Friday, September 18, 2009

Capitalistic Communism

While getting into my car today I saw a CD on the floor. Not a burned CD, but an actual CD of a band I really bought. It got me thinking about how the music industry has changed. CDs are more or less a thing of the past. I know of only a few remaining places in Boulder I can even buy a CD. Clearly much of the music industry has gone online, but there are daunting tasks to businesspeople to deal with to actually produce a profit while competing with music piracy.

While I don't know how they will do it per se, I do know that innovative people will keep the wheels turning on the industry.

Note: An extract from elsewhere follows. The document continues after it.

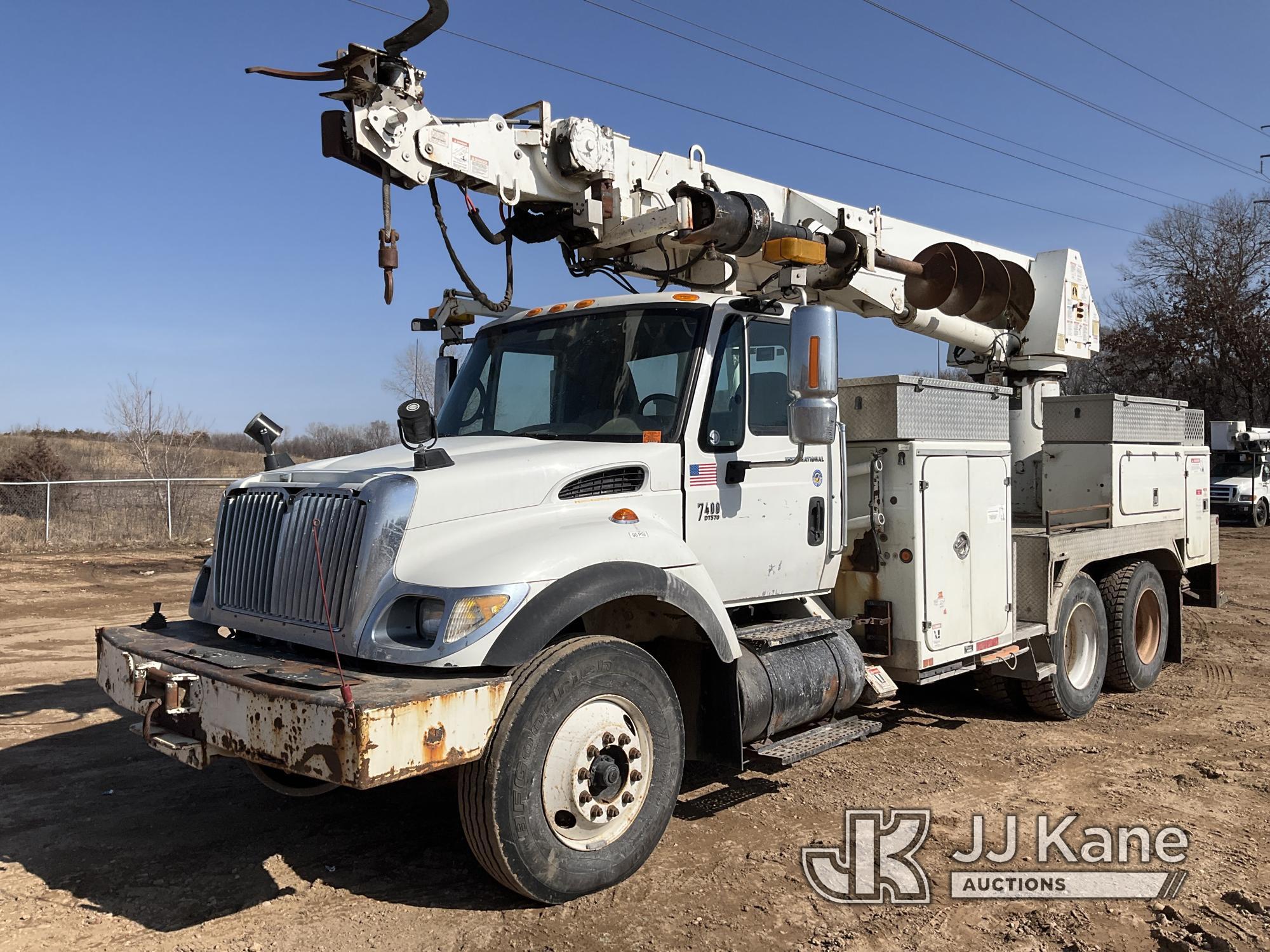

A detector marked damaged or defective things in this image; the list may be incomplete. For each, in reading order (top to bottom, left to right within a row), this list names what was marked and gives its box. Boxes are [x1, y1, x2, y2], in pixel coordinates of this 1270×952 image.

rusty front bumper [97, 622, 511, 787]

People will always want music and even if the industry changes completely, bands will still need compensation for doing what they do and the people who organize them will need compensation too.

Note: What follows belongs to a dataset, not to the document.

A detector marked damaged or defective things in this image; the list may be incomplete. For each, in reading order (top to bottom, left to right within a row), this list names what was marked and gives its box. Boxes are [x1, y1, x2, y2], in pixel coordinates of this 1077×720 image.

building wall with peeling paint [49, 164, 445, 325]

Websites like Facebook, Pandora Radio and others provide free services and have business models that can produce enough profits to at the very least, stay afloat. There seems to be a trend of people wanting stuff for free, and these businesses have found a way to do that.

Is it possible that in the future, distant or otherwise, that the demand for free products will be so great that an business has to offer a free, or very cheap product just to compete? It's conceivable that the realization of communal goods will end up to be the only real way of competing in a marketplace in the future. That's the idea of capitalistic communism. The sharing of goods, services and information for communal good, while providing funding by the interaction of entities in the supply chain to produce the product.

If this were to happen, I don't think it would get to the point where every product was completely free, because if nobody is paying ANYTHING, there is no inflow of money into the system. But I don't think it's beyond imagination for industries and prices to change dramatically based on this idea.